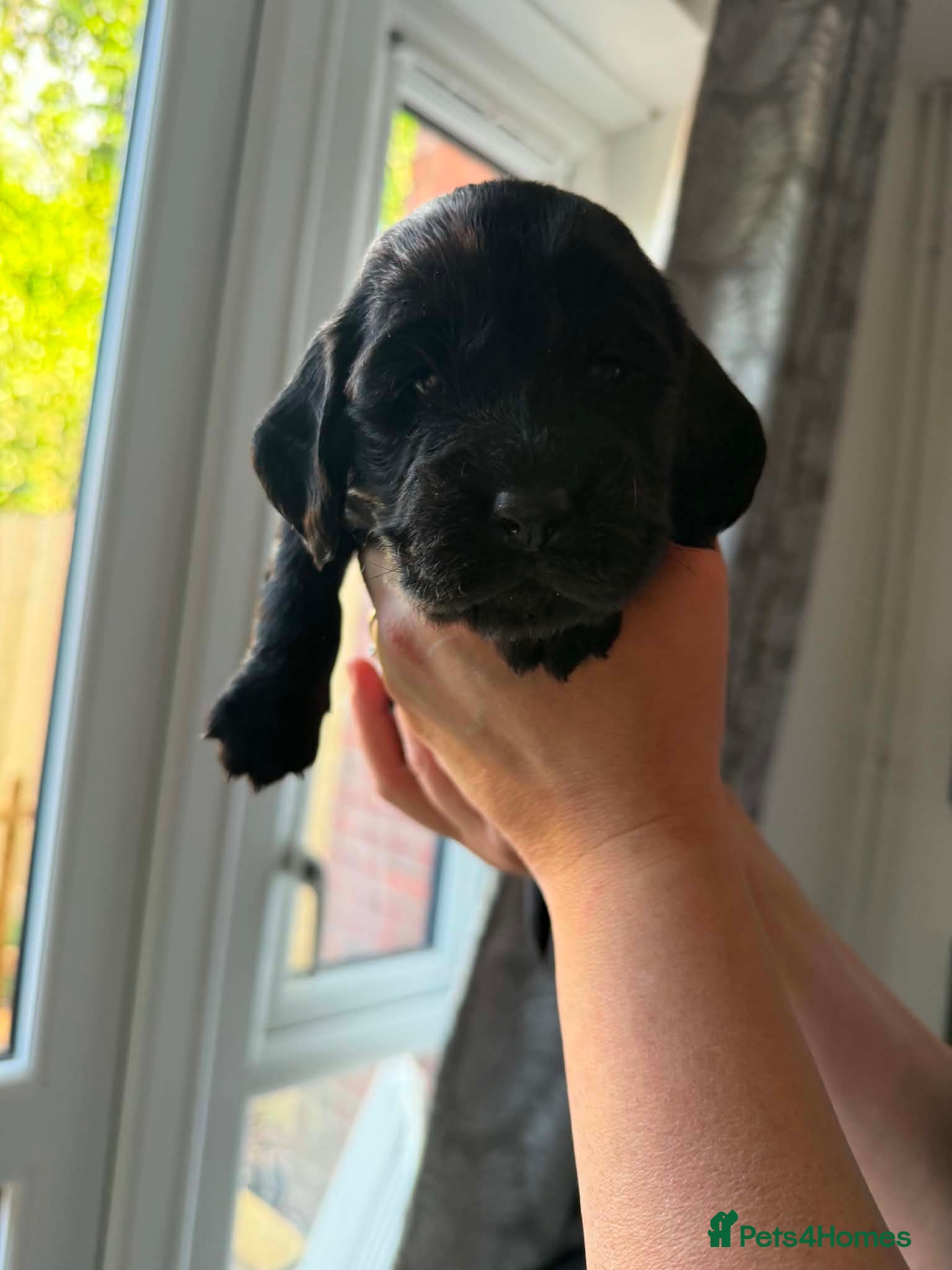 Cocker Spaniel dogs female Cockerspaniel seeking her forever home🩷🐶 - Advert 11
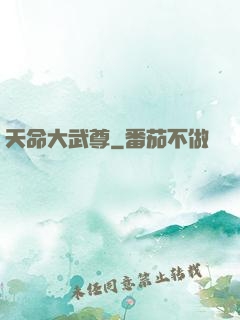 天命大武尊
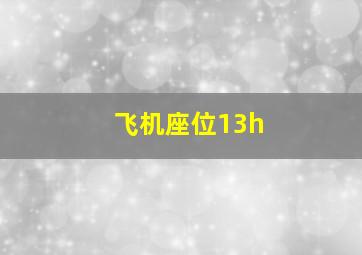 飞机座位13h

+ + + + + + +

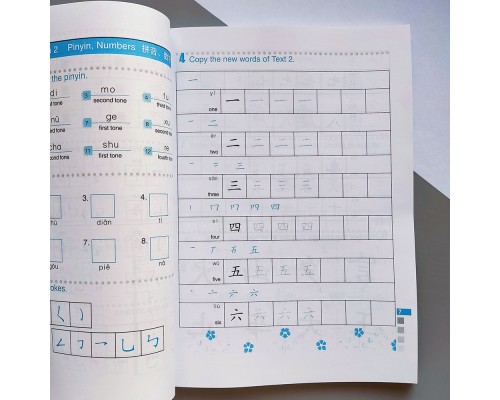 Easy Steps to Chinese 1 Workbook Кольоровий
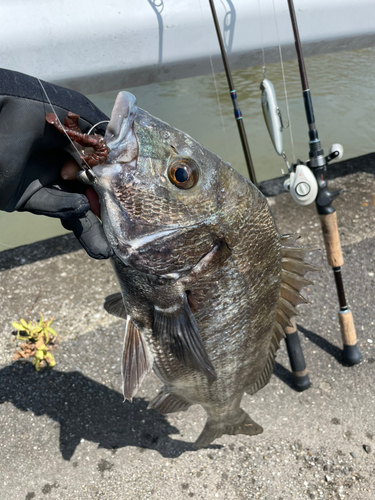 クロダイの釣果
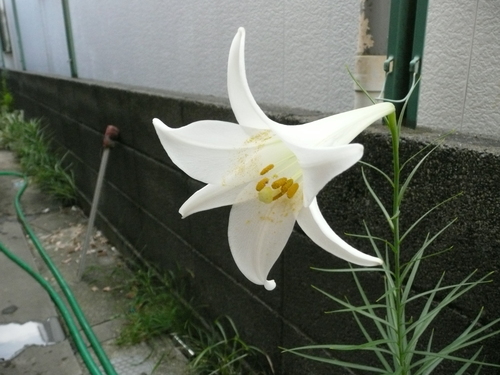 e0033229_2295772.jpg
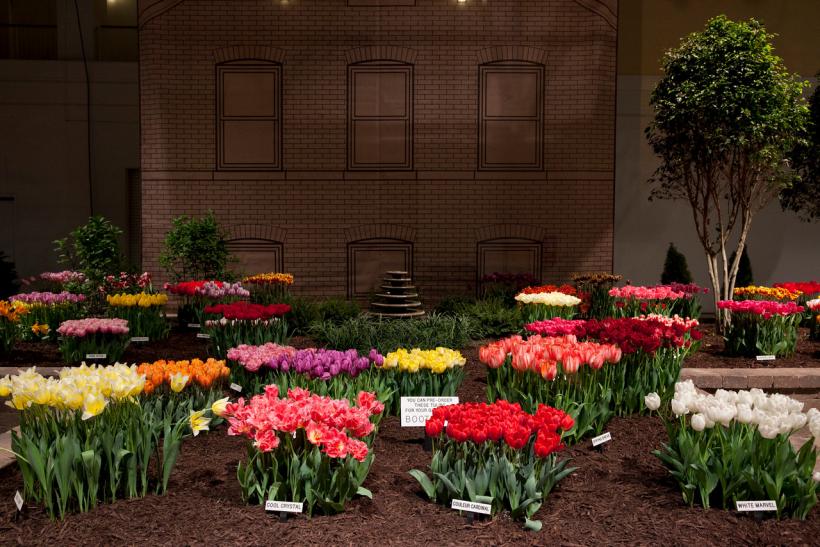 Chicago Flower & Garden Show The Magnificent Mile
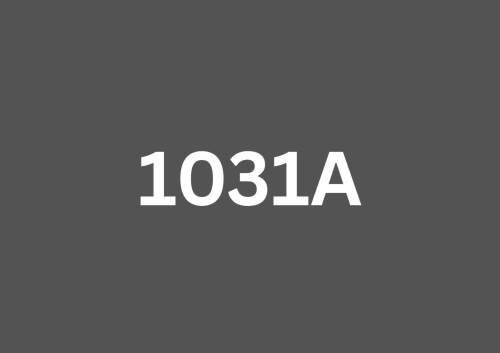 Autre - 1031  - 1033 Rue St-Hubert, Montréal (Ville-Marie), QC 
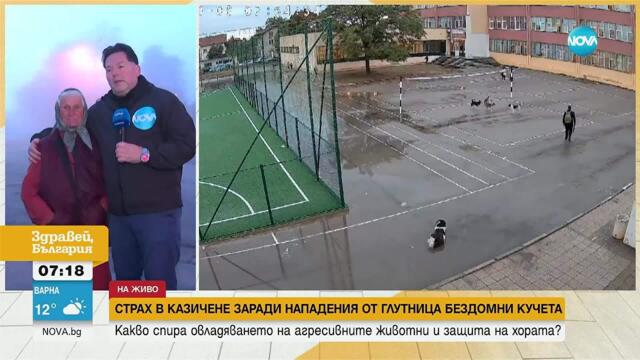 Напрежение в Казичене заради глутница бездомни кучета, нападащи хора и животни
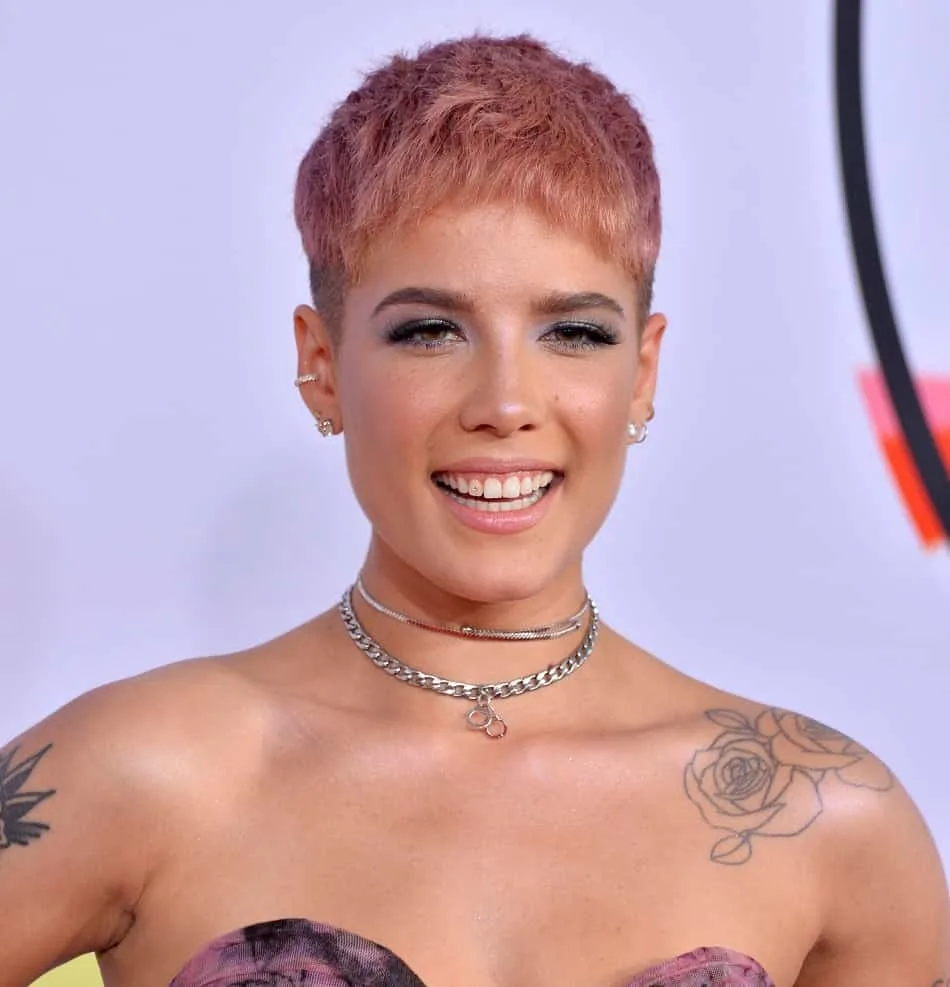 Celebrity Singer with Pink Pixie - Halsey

+ + + + + + +

Where a picture appears in the records above, omit it, and transcribe exactly the stretch of lines from the one with "Chicago Flower &" through the one with "Celebrity Singer with Pink Pixie - Halsey".

ANSWER:
 Chicago Flower & Garden Show The Magnificent Mile
 Autre - 1031  - 1033 Rue St-Hubert, Montréal (Ville-Marie), QC 
 Напрежение в Казичене заради глутница бездомни кучета, нападащи хора и животни
 Celebrity Singer with Pink Pixie - Halsey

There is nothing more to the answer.